# Can i put my 2 young cornsnakes together???



## ben2012 (Dec 20, 2011)

Hi, i have had Milo my male Amber Corn for a few months now and i recently got a female Butter Stripe Corn from the same breeding season but no exact d.o.b there of a similar size and i do have 2 seperate vivs for them but if i could put them together i would like them in together, also if i can put them together how do i stop them breeding too early? i have heard this can cause death?? advise please  :2thumb:


----------



## snakesandscales (Oct 6, 2009)

Don't put them together during breeding season while they are immature. Feed them in separate areas. Follow these two pointers and you can house them together. I have a pair who have been co-housed for over 4 years with no problems.


----------



## ben2012 (Dec 20, 2011)

*thanks, can u narrow down when its breeding season?*

when exactly is breeding season please and what measures should i take to ensure i split them up at the right time and for a long enought period of time, many thanks :2thumb:


----------



## snakesandscales (Oct 6, 2009)

ben2012 said:


> when exactly is breeding season please and what measures should i take to ensure i split them up at the right time and for a long enought period of time, many thanks :2thumb:


In the wild the Corn Snake mating season is usually around March and up to May, so this is a good time to split them up. I'd give it til late May/ early July til you reintroduce them.


----------



## TEENY (Jan 4, 2008)

TBH with all the hassle of moving them during breeding season/worry of breeding/ worry of possible cannibalism in snakes under a year............i would say just house seperately, they ahve no need to be housed together, they won't get lonely, if you have the vivs then its a no brainer imo


----------



## grannykins (Oct 9, 2006)

TEENY said:


> TBH with all the hassle of moving them during breeding season/worry of breeding/ worry of possible cannibalism in snakes under a year............i would say just house seperately, they ahve no need to be housed together, they won't get lonely, if you have the vivs then its a no brainer imo


This. Plus corns in artificial captive conditions can breed all year round if said conditions are right. Not worth the risk to your female.


----------



## Im a Ref (Apr 15, 2008)

my corns live with each other all year round but as soon as they have bed i do separate them..never had a problem with them living together


----------



## Ron Magpie (Oct 11, 2009)

The feeding separately point is worth reinforcing, if you do decide to keep them together: If they both grab opposite ends of the same mouse, one may not stop when he or she runs out of mouse and starts on snake!:gasp:

As Teeny says, if you have two vivs, why not use them?


----------



## bothrops (Jan 7, 2007)

As every one else has said, it is certainly possible to keep corns together, but only if they are of breedable age, or are same sex animals.
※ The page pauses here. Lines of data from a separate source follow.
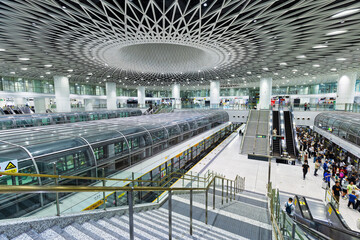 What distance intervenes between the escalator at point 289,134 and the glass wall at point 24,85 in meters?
43.0

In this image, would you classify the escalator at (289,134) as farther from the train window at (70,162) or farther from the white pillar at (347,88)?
the train window at (70,162)

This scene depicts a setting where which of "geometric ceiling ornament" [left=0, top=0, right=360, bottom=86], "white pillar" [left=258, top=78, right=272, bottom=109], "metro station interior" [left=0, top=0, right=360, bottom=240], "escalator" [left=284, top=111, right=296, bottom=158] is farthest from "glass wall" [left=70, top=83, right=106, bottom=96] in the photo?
"escalator" [left=284, top=111, right=296, bottom=158]

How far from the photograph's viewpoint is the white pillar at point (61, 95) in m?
26.5

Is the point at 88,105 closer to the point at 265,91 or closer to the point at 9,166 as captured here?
the point at 265,91

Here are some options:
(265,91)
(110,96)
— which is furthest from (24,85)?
(265,91)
There is no logical reason to cohabit immature male/female animals and 'separate during breeding season' as you need two enclosures for when they are being kept separate and there is a very high probability that they may breed 'out of season'.

Leave the cohabiting until they are old enough to breed.


----------



## spudsgirl (Jan 29, 2009)

I bought 2 together and housed them together as they were in the pet store. After one batch of unwanted eggs they have been seperated it aint affected them but its better really for me female who not gonna be harrassed during breeding season


----------